Exercise goal: Starting at the line that contains "JAEGER LECOULTRE-MASTER-ref.1368470-39mm", copy each line through the end of the listing below. Include both ends and output nothing more.

Information:

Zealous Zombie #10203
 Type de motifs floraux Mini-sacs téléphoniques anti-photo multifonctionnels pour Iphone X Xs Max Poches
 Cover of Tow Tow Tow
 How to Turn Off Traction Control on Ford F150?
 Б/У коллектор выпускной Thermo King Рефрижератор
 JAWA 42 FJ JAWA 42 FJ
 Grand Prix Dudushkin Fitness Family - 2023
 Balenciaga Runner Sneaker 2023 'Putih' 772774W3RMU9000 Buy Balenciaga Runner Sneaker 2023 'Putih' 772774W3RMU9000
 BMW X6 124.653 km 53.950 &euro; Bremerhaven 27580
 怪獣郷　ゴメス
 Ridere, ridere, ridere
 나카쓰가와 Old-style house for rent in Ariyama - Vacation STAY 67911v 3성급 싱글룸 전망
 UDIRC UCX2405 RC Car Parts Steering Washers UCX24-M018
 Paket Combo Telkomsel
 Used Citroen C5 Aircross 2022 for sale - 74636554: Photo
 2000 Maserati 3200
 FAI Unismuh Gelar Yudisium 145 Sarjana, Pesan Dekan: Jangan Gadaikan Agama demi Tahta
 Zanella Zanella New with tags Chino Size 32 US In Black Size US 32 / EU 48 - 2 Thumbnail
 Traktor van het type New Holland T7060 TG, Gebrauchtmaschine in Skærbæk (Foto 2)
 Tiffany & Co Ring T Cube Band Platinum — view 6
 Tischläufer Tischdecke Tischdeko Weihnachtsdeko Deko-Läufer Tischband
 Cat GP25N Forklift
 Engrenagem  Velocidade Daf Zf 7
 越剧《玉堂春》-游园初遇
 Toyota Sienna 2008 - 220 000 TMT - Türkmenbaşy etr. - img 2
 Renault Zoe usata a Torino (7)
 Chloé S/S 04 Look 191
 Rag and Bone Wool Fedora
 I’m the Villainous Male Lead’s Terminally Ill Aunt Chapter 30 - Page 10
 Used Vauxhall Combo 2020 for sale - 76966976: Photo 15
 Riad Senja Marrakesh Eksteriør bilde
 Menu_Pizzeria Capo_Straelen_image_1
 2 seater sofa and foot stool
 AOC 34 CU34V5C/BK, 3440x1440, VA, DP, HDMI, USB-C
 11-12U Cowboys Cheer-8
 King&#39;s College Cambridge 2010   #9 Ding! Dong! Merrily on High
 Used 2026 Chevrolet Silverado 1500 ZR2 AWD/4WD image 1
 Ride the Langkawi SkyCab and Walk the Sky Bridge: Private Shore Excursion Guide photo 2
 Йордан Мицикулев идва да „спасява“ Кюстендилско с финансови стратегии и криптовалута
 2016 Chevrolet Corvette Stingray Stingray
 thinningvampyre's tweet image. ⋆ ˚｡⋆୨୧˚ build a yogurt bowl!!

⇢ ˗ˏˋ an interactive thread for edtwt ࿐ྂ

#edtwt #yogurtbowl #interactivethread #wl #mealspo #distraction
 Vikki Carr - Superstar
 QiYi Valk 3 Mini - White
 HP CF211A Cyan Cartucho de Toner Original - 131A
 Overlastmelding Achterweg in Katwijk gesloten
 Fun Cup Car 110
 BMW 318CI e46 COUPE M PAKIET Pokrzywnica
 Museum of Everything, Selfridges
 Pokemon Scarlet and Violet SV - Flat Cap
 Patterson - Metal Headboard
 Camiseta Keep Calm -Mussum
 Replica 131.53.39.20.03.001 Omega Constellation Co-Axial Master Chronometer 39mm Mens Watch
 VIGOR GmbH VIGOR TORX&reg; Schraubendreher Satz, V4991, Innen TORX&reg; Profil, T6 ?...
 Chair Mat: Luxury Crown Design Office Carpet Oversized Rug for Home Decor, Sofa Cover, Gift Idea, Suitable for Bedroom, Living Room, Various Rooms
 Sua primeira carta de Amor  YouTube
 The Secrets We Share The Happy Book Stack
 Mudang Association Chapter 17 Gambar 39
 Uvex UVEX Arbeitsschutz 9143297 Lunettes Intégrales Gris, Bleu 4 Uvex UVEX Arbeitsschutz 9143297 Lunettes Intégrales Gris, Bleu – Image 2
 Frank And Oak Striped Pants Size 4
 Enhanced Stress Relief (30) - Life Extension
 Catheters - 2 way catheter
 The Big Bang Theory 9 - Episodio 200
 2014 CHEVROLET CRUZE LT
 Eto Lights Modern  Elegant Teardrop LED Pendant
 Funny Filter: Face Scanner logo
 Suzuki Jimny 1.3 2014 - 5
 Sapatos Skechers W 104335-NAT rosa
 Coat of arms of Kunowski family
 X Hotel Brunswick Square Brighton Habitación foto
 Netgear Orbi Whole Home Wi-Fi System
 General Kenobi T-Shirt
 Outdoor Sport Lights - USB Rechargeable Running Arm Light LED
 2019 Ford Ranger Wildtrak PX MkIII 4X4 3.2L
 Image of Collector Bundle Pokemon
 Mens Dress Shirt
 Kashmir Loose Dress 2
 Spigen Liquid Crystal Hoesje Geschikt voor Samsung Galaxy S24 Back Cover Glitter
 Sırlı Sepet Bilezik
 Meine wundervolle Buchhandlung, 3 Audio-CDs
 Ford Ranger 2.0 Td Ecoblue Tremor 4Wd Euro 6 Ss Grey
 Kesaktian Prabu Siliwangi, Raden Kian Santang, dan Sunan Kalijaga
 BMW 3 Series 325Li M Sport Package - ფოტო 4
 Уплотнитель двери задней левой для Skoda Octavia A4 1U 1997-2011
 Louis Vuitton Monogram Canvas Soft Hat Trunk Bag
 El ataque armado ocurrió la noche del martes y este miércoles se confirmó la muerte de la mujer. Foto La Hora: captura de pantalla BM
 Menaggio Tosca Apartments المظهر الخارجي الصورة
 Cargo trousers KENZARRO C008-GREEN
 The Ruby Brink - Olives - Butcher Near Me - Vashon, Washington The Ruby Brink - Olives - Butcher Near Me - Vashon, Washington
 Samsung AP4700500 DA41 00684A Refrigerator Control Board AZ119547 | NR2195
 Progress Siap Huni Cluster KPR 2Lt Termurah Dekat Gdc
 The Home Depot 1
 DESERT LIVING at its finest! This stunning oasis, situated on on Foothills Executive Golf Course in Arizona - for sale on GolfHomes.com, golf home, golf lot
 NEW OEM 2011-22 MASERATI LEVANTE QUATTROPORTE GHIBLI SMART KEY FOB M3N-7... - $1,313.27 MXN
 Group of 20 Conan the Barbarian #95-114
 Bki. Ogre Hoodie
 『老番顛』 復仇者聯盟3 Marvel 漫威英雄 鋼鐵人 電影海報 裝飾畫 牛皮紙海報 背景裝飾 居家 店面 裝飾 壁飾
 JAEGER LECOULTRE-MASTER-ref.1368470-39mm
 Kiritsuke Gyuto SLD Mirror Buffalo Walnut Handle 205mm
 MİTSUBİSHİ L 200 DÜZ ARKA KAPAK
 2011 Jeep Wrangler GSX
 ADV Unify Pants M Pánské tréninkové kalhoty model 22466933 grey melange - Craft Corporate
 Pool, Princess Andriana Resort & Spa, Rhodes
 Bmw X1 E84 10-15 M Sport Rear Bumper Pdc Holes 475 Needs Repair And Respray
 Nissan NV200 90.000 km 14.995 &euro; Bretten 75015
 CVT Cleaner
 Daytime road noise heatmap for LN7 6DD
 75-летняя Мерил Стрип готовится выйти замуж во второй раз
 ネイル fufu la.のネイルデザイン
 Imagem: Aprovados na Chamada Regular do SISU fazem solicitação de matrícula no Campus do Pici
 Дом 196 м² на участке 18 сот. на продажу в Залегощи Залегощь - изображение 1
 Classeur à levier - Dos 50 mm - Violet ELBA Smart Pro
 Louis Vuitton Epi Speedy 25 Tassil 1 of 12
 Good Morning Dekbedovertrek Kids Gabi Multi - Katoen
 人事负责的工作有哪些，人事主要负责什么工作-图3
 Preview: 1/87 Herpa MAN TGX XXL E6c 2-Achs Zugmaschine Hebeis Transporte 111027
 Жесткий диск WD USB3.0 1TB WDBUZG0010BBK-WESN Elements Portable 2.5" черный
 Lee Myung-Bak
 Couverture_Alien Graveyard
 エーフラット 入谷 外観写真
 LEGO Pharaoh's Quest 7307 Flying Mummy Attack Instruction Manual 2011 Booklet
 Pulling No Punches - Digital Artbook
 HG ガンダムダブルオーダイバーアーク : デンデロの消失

Answer to the exercise:
 JAEGER LECOULTRE-MASTER-ref.1368470-39mm
 Kiritsuke Gyuto SLD Mirror Buffalo Walnut Handle 205mm
 MİTSUBİSHİ L 200 DÜZ ARKA KAPAK
 2011 Jeep Wrangler GSX
 ADV Unify Pants M Pánské tréninkové kalhoty model 22466933 grey melange - Craft Corporate
 Pool, Princess Andriana Resort & Spa, Rhodes
 Bmw X1 E84 10-15 M Sport Rear Bumper Pdc Holes 475 Needs Repair And Respray
 Nissan NV200 90.000 km 14.995 &euro; Bretten 75015
 CVT Cleaner
 Daytime road noise heatmap for LN7 6DD
 75-летняя Мерил Стрип готовится выйти замуж во второй раз
 ネイル fufu la.のネイルデザイン
 Imagem: Aprovados na Chamada Regular do SISU fazem solicitação de matrícula no Campus do Pici
 Дом 196 м² на участке 18 сот. на продажу в Залегощи Залегощь - изображение 1
 Classeur à levier - Dos 50 mm - Violet ELBA Smart Pro
 Louis Vuitton Epi Speedy 25 Tassil 1 of 12
 Good Morning Dekbedovertrek Kids Gabi Multi - Katoen
 人事负责的工作有哪些，人事主要负责什么工作-图3
 Preview: 1/87 Herpa MAN TGX XXL E6c 2-Achs Zugmaschine Hebeis Transporte 111027
 Жесткий диск WD USB3.0 1TB WDBUZG0010BBK-WESN Elements Portable 2.5" черный
 Lee Myung-Bak
 Couverture_Alien Graveyard
 エーフラット 入谷 外観写真
 LEGO Pharaoh's Quest 7307 Flying Mummy Attack Instruction Manual 2011 Booklet
 Pulling No Punches - Digital Artbook
 HG ガンダムダブルオーダイバーアーク : デンデロの消失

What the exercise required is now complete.